Mugabe must realise that he is now alone in his stubborn determination to
hold onto office. All his lieutenants have virtually abandoned him and
maintain an appearance of loyalty out fear.

  The machinery around Mugabe is now collapsing fast and leaking heavily.
Daily I receive tonnes of information about the goings on in government, in
ZANU PF, at State House and Munhumutapa Building from people close to Mugabe
seeking guidance from me as the legitimate leader of Zimbabwe whose victory
was denied through theft in March 2002.


The latest information to reach my desk came in the form of reports of
announcement by Mugabe to his close family members urging them to get ready
for life after his 23-year old dictatorship. And, that is soon. One of their
number even remarked that he has to start looking for a job overseas.

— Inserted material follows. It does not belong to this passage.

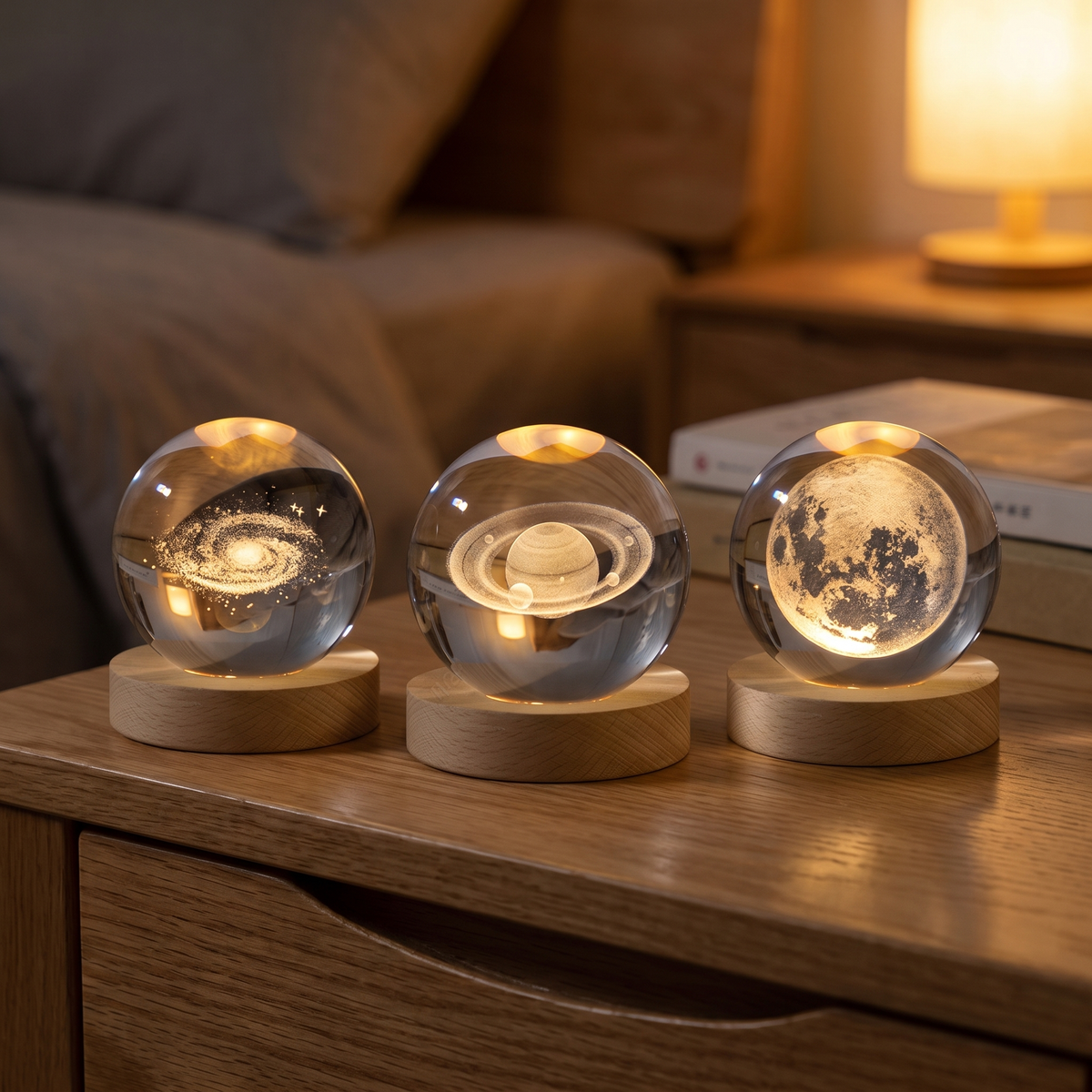Veilleuse boule de cristal Aura — Lune, Saturne et Galaxie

 Mugabe and his cronies need to know that the real Zimbabwean drama will
begin to unfold very soon when it becomes clear that we are headed for
another serious drought.

 Commercial agriculture has collapsed and nothing is happening in the former
commercial farms. The entire landscape has been reduced to wasteland, as the
new owners fight over farmhouses and farm equipment.

 Our goal is not only to end this era of tyranny, but also to begin
something completely new. We seek to raise the profile of ordinary
Zimbabweans by bringing about positive changes within our citizens through
the restoration of their values and dignity as human beings.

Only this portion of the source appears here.